If your parents or in-laws are severely in debt, be prepared, because it will be up to you to pay off their debts as a result of their deaths. In fact, you will have to pay their debts only if you consent. The anxiety is normal; many children are worried about the finances of their parents. In addition, with an increasingly aging population, this concern no longer concerns only children, but also creditors. Below, you will find all the necessary information regarding the debts and their payment following the death of a close member.
The legacy of debt
What happens with the debt after the death of the person? The answer will depend on a number of factors. For example, everything depends on whether the personal assets of the deceased allow the payment of the debt. Also, it depends to whom the deceased was indebted. Although the legislation covers this problem a bit, most credit companies have their own rules.

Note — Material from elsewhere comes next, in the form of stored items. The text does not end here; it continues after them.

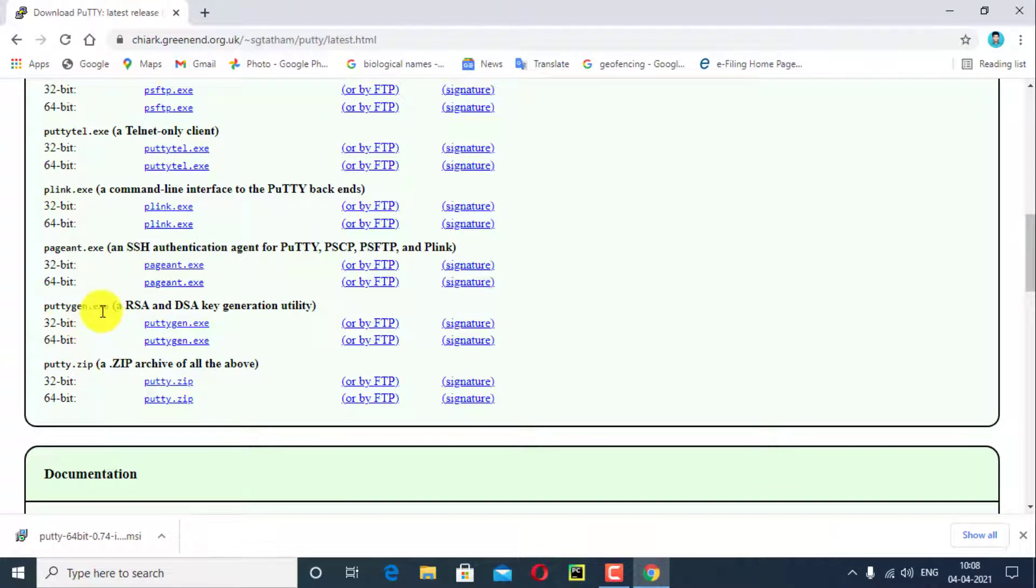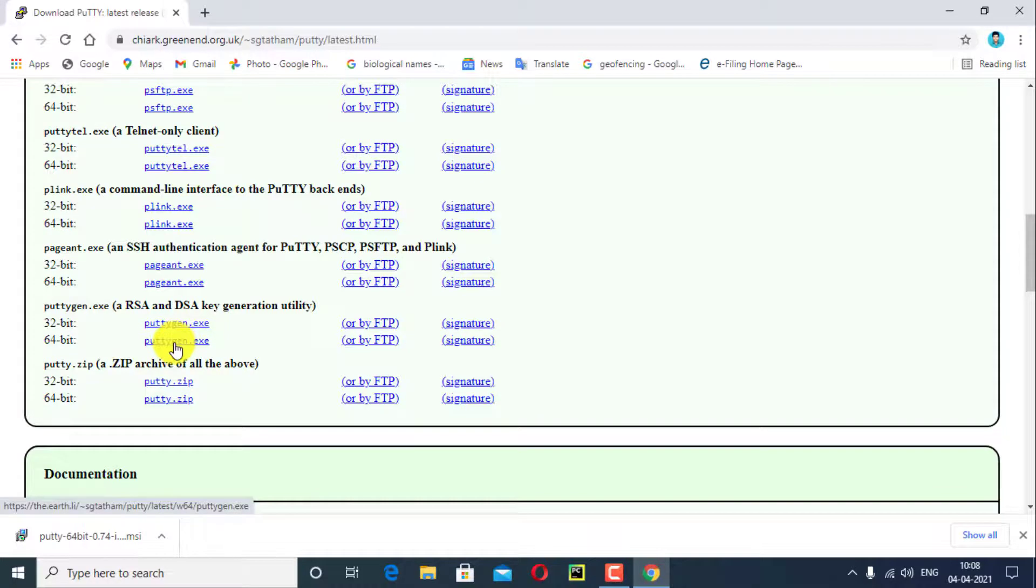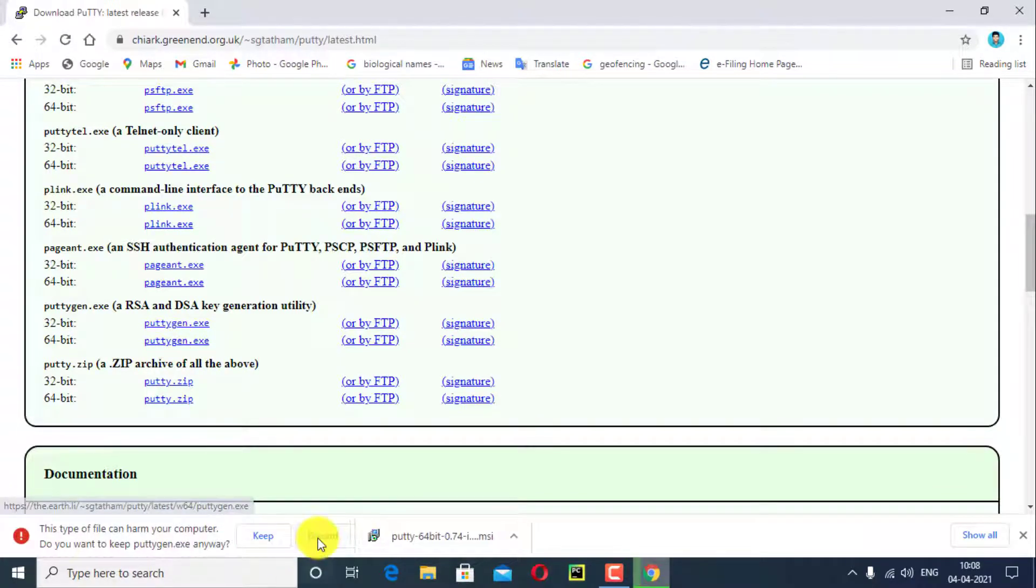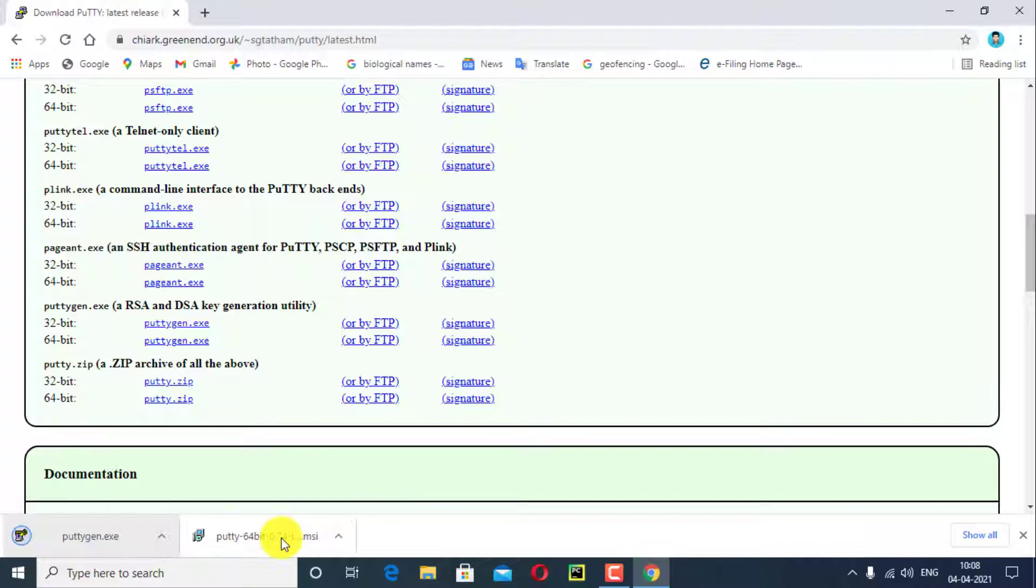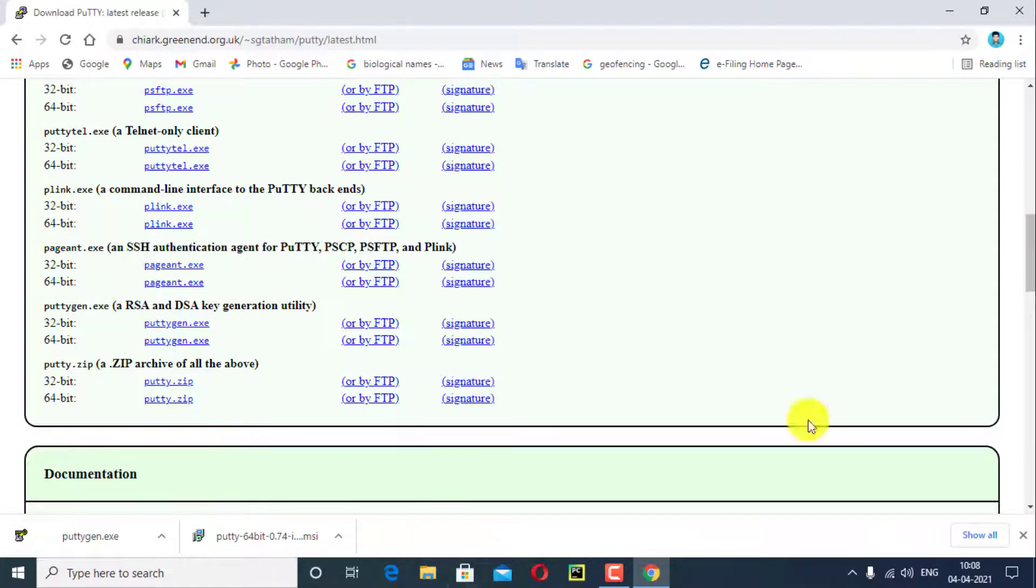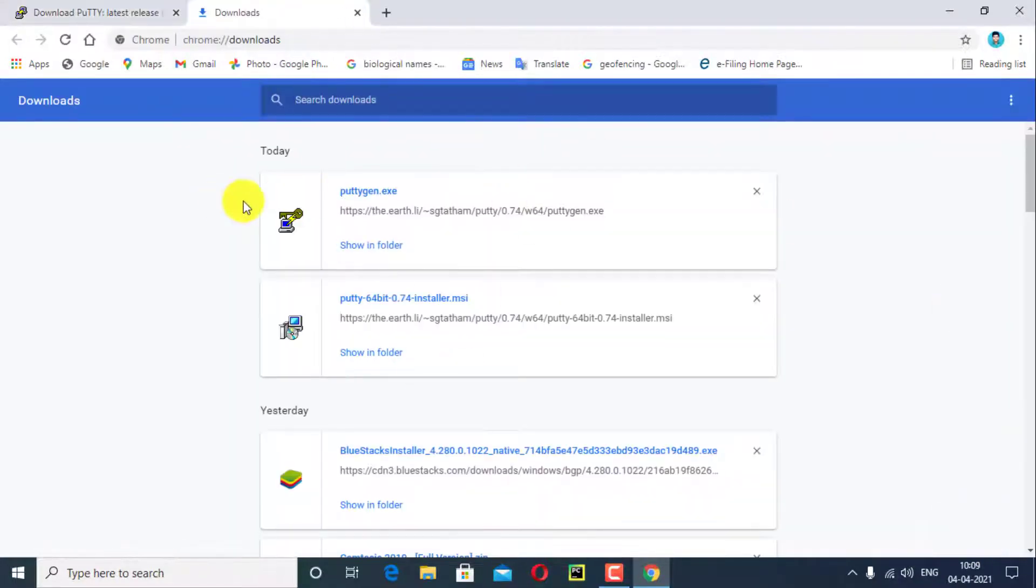There are two types of software available, 32-bit and 64-bit. I want to install 64-bit software, click here. File will automatically download. Click on keep, click on show in folder.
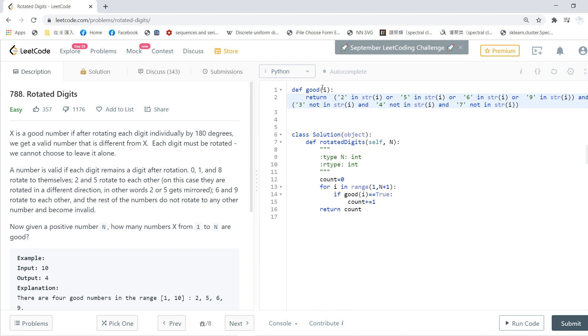We start count to 0, then for i in range 1 to n plus 1, so basically we iterate from 1 up to n. Check whether this is true, if it's true then we count.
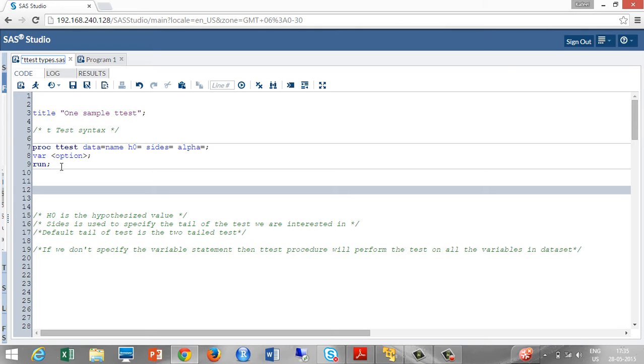Variable statement: since we are using a one sample t-test, we should specify a variable in the variable statement on which we are going to perform a t-test. If we don't specify the variable statement, then the PROC t-test will perform a t-test on all the variables in the dataset.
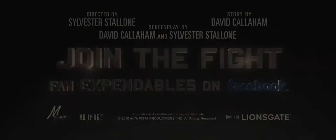The Expendables. Join the fight. Fan Expendables on Facebook.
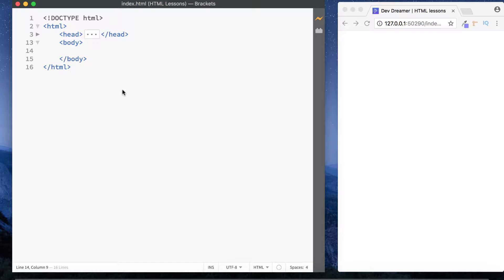It's Amit here, welcome back to DevDreamer. In this lesson I want to talk about links in HTML. A website without links is pretty pointless unless it just has information and doesn't need to link anywhere — such as internal pages or external pages. For the most part, websites use links to navigate around and away to other pages. Let's begin.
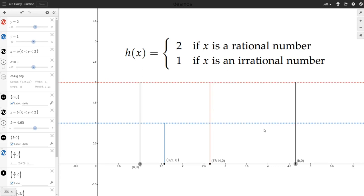So which functions are integrable? We can show that continuous functions are integrable. In fact, piecewise continuous functions with a finite number of pieces are integrable, and there are even other functions besides those that are integrable — but there are certainly ones that are not, including this holy function.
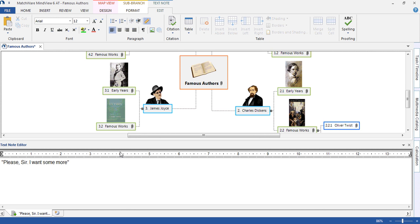We now need to reference where this quote came from, and with MindView that's a simple two-step process. The first step is to simply choose the citation option.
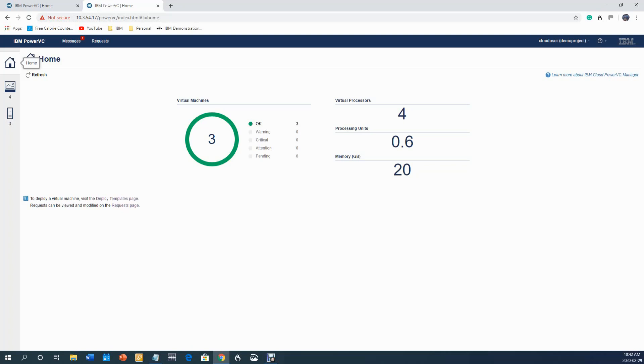In this video, I'm going to show you the interaction between a user who is a software developer, for example, that will request a VM from a project administrator. In the cloud that I'm showing you, the main organizational construct is called a project, and developers work within a project and they request VMs within that project.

Usually, the creditors will try to recover the debt through the personal assets or property of the deceased. In case of failure, they can turn to the children or relatives of the person. In case of solidarity debt, it is the person who has remained alive who will have to pay the entire debt.
When two persons are jointly and severally liable to a creditor, both are also liable for the debt and its payment. If one person dies, the other becomes responsible for the entire debt.
Credit Card and Insurance
In some cases, you can use your insurance to pay off the remaining debts. You can consult the creditor and see if he and the deceased had some sort of insurance for that kind of situation.
Make sure your situation is covered by the insurance plan you choose. Hard to believe, but it’s not just because you pay for this insurance that it will apply when the need arises.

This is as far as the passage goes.